Later, we adventured to this amazing beach and swam. I had a strange but magical encounter with a racoon with a collar on which I was just wandering around. I put my hand out to it, knowing full well it could bite me, but it didn't and, instead, it just touched its nose on my hand. I felt so graced that it didn’t maul me, but in all fairness, it was wearing a collar so was likely somewhat domesticated.
After this amazing day, I fell ill with this awful bug that everyone else at the reserve had already got. And all I can say is, "thank goodness there were two toilets at the reserve".
What I take from my journey to Costa Rica
This trip was life-changing for me and essentially helped make me the person I am today.
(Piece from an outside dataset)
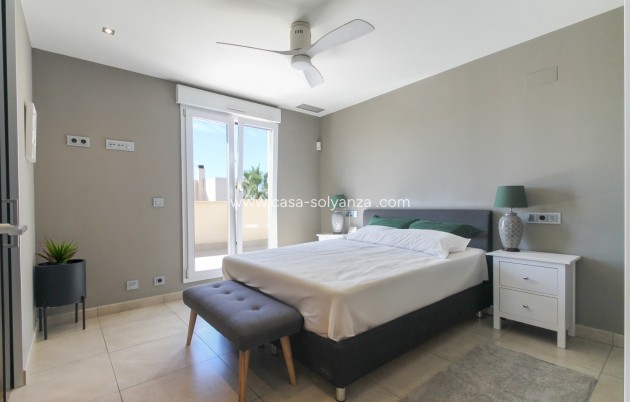 Revente - Villa - Torrevieja - Costa Blanca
I would love to revisit Costa Rica as it is such an incredible country with so much to offer. Its kindness towards life and the environment is astonishing and is what made me fall in love with the country.
Our research contributed to future work and revealed a lot about work that still needs to be done and about the health of the forest. After the trip, the team met up for a Pot-Luck every month for a year or so, keeping the tradition alive. They are all some of the best people I've had the pleasure to meet.